§ Problem details:
The answer should be a single number: how many lines of the entries below hold the word "Mercedes".

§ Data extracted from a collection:
----

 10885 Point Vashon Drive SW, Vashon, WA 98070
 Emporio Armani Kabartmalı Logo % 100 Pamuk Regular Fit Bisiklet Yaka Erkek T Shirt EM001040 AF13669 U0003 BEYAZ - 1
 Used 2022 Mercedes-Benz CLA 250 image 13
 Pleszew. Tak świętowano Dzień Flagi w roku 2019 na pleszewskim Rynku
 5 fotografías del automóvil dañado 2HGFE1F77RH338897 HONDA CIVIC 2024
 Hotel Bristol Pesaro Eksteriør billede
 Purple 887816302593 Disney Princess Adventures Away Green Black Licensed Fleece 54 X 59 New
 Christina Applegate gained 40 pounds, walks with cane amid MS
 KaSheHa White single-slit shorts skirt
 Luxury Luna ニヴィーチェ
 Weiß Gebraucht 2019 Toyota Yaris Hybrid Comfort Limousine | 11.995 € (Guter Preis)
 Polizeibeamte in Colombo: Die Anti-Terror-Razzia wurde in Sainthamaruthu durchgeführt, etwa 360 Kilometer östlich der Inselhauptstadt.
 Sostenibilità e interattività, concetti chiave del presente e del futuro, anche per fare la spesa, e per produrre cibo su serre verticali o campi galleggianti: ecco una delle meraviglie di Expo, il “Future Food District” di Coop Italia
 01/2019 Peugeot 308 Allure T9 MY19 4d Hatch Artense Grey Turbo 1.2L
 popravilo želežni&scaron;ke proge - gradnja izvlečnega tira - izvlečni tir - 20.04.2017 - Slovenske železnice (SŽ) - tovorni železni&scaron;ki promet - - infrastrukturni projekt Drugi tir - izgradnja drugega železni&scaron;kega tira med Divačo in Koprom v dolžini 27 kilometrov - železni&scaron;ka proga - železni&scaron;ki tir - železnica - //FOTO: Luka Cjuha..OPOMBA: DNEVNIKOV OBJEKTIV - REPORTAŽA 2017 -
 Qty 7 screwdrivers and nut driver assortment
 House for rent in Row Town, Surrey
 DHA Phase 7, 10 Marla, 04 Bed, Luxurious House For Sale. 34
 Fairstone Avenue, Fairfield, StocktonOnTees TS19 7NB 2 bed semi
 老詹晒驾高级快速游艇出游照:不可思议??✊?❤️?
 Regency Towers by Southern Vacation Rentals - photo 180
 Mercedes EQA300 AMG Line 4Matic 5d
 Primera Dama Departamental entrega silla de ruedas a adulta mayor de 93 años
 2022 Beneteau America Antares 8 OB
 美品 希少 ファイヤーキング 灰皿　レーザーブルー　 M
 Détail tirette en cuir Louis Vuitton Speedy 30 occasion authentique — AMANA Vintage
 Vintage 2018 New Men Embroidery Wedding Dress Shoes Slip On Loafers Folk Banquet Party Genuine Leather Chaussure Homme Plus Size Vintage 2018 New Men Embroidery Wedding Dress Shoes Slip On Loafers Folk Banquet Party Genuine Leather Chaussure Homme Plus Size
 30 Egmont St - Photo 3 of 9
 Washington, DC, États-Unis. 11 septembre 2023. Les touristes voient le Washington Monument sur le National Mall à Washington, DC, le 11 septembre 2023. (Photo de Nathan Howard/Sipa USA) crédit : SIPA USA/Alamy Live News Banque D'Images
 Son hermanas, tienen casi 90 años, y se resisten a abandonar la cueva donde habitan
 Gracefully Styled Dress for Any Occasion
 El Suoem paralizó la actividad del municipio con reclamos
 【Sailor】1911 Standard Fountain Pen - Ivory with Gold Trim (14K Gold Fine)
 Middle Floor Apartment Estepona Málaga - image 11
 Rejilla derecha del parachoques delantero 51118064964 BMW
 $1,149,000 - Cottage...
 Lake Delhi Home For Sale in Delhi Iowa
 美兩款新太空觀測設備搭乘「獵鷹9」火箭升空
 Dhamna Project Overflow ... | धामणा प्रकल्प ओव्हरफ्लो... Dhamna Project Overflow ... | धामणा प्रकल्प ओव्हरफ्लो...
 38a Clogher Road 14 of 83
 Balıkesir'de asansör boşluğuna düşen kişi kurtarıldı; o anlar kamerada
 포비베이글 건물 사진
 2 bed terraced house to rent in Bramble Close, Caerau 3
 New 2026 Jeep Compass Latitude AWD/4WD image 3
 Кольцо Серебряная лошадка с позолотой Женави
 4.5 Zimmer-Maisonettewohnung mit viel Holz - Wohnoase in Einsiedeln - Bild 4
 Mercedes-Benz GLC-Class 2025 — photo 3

----

§ Answer:
3